Anti-homomorphism

In mathematics, an antihomomorphism is a type of function defined on sets with multiplication that reverses the order of multiplication. An antiautomorphism is an invertible antihomomorphism, i.e. an antiisomorphism, from a set to itself. From bijectivity it follows that antiautomorphisms have inverses, and that the inverse of an antiautomorphism is also an antiautomorphism.

1. Idea

While a homomorphism of magmas (including groups, rings, etc) must preserve multiplication, an antihomomorphism must instead reverse multiplication.

2. Definition

Informally, an antihomomorphism is a map that switches the order of multiplication. Formally, an antihomomorphism between structures $X$ and $Y$ is a homomorphism $\phi:X\rightarrow Y^{op}$, where $Y^{op}$ equals $Y$ as a set, but has its multiplication reversed to that defined on $Y$. Denoting the (generally non-commutative) multiplication on $Y$ by $\cdot$, the multiplication on $Y^{op}$, denoted by $∗$, is defined by $x∗y:=y\cdot x$. The object $Y^{op}$ is called the opposite object to $Y$ (respectively, opposite group, opposite algebra, opposite category etc.).

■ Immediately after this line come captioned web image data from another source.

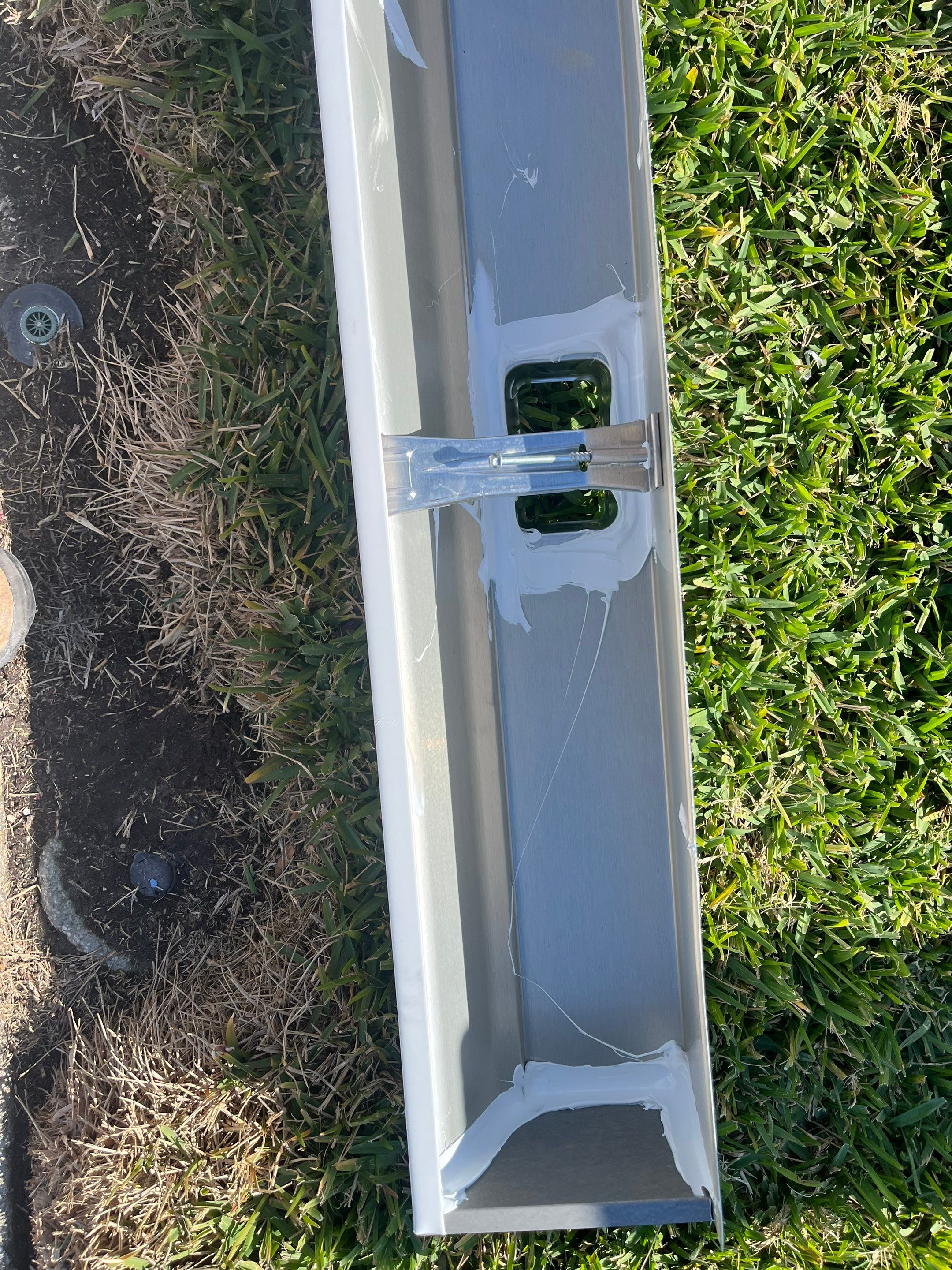 6 Inch Seamless Gutters using White Seamless Gutters in Sarasota FL by Gutter Professors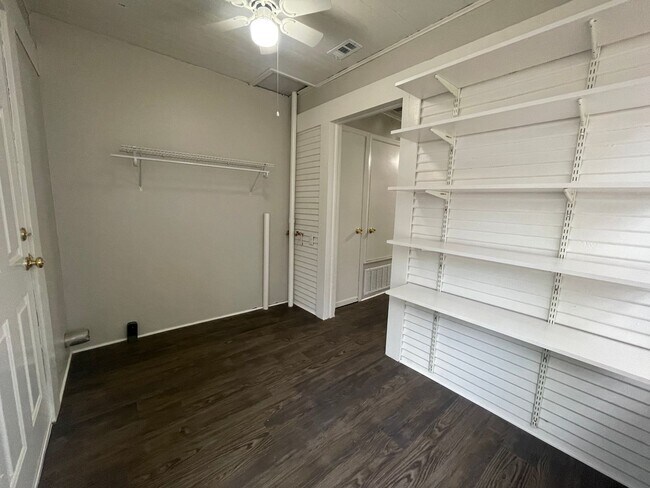 Building Photo - 501 Rockdale St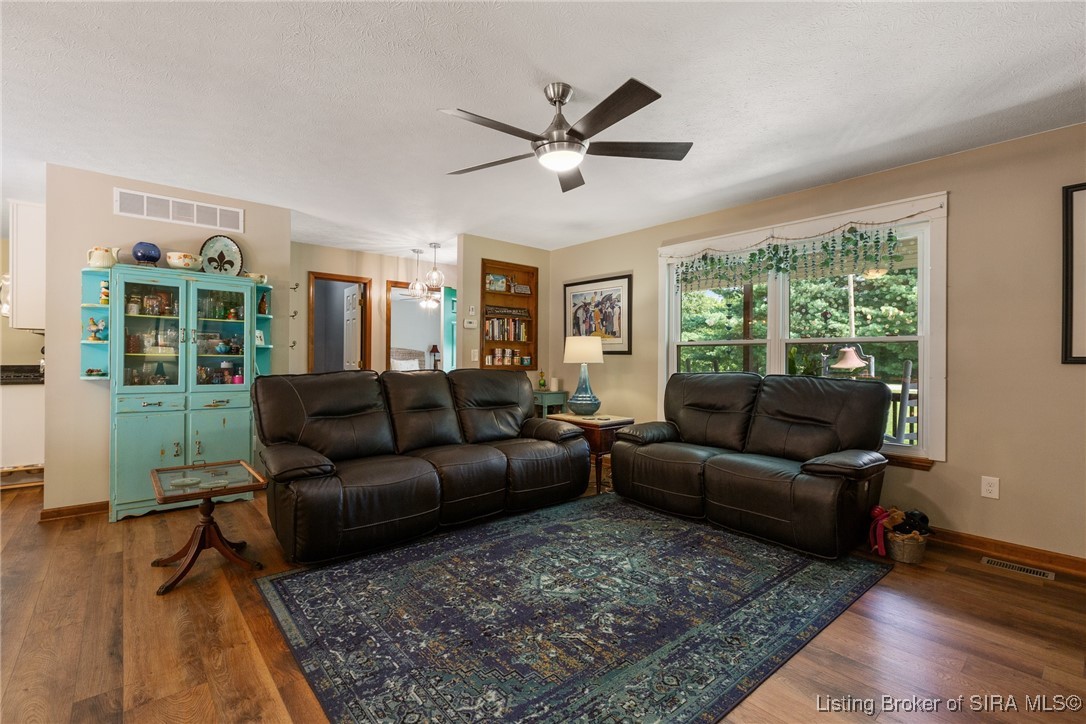 5177 Stiller Road Floyds Knobs, IN 47119 - Photo 6 of 40 Gallery Image 6
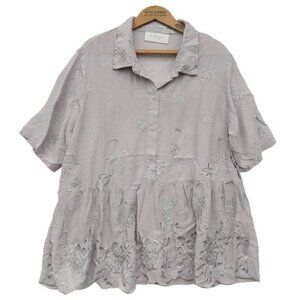 LaBellum by Hillary Scott Gray Short Sleeve Embroidered Top Size XL Oversized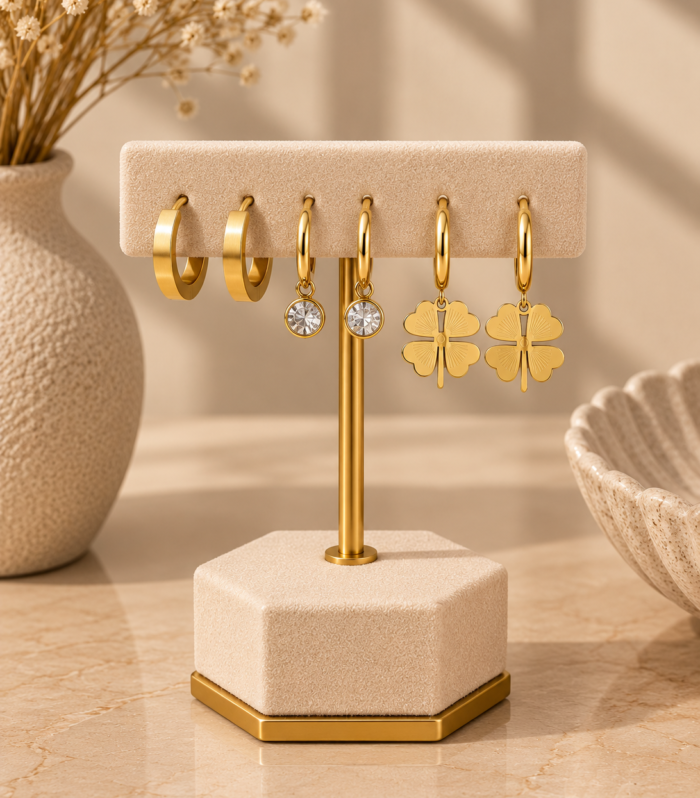 Nur Design Atelier Gold Yonca ve Tasli Kupe Seti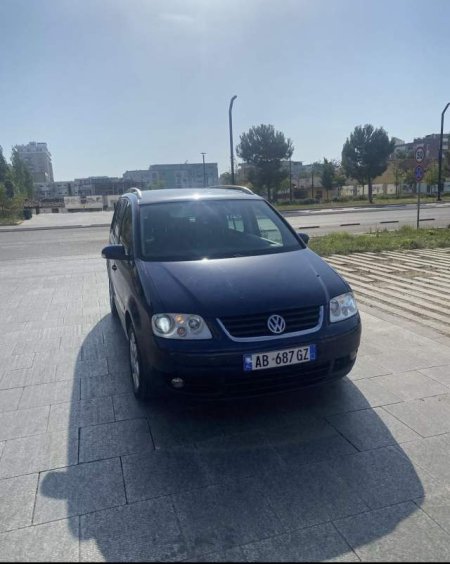 Tirane, jap me qera makine Volkswagen Touran Viti 2006, 25 Euro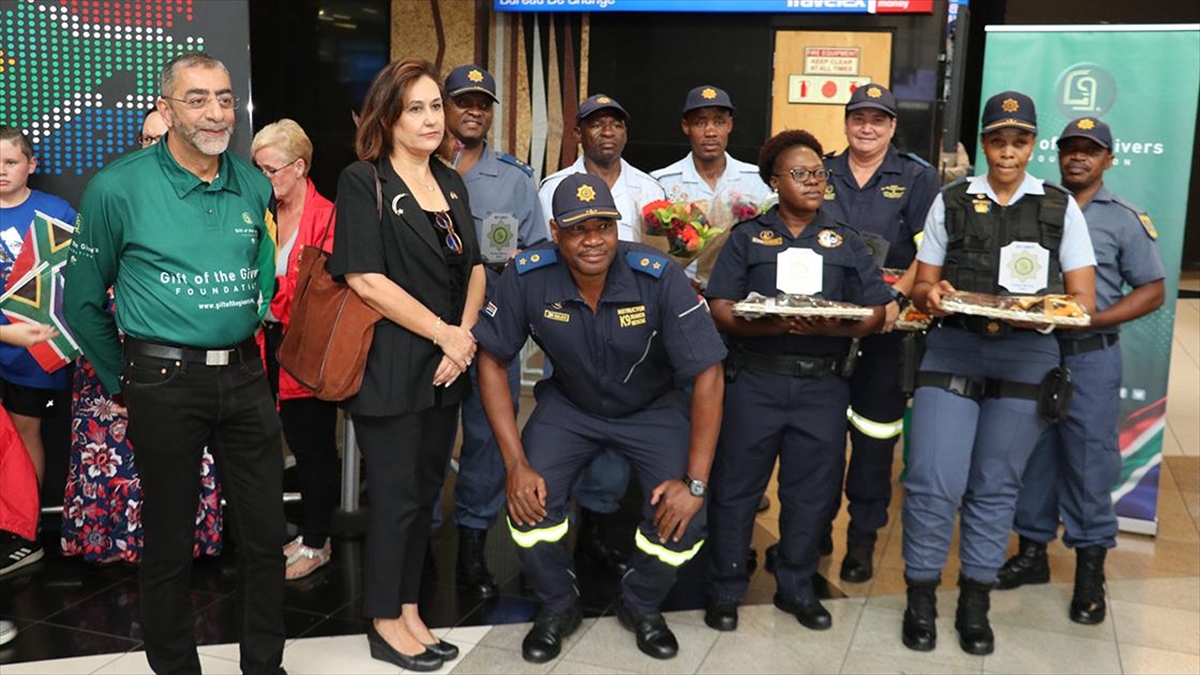 Güney Afrika Arama Kurtarma Ekibi Yaşadıklarını Anlattı: Kıyamet Sonrası Film Gibiydi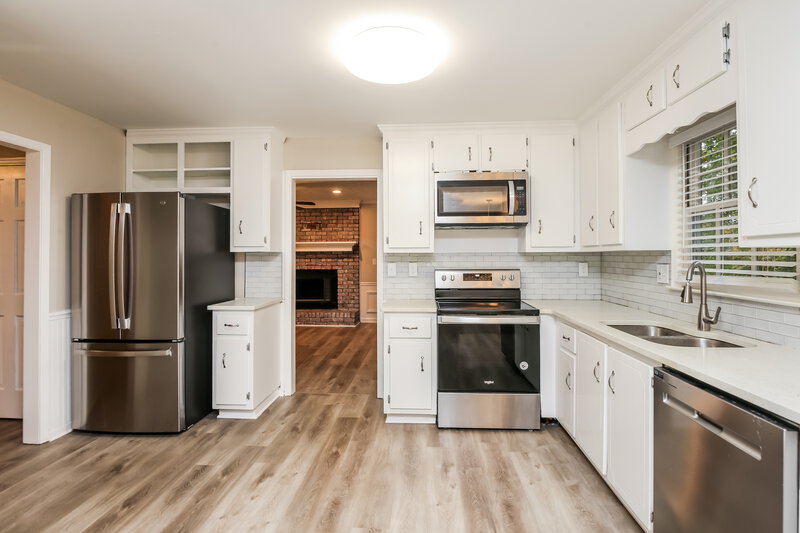 2,770/Mo, 3881 Wintergreen Ct Marietta, GA 30062 Kitchen View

This definition is equivalent to that of a homomorphism $\phi: X^{op}\rightarrow Y$ (reversing the operation before or after applying the map is equivalent). Formally, sending $X$ to $X^{op}$ and acting as the identity on maps is a functor (indeed, an involution).

3. Examples

In group theory, an antihomomorphism is a map between two groups that reverses the order of multiplication. So if $\varphi: X \rightarrow Y$ is a group antihomomorphism, $$φ(xy) = φ(y)φ(x)$$ for all $x, y$ in $X$.

The map that sends $x$ to $x^{−1}$ is an example of a group antiautomorphism. Another important example is the transpose operation in linear algebra, which takes row vectors to column vectors. Any vector-matrix equation may be transposed to an equivalent equation where the order of the factors is reversed.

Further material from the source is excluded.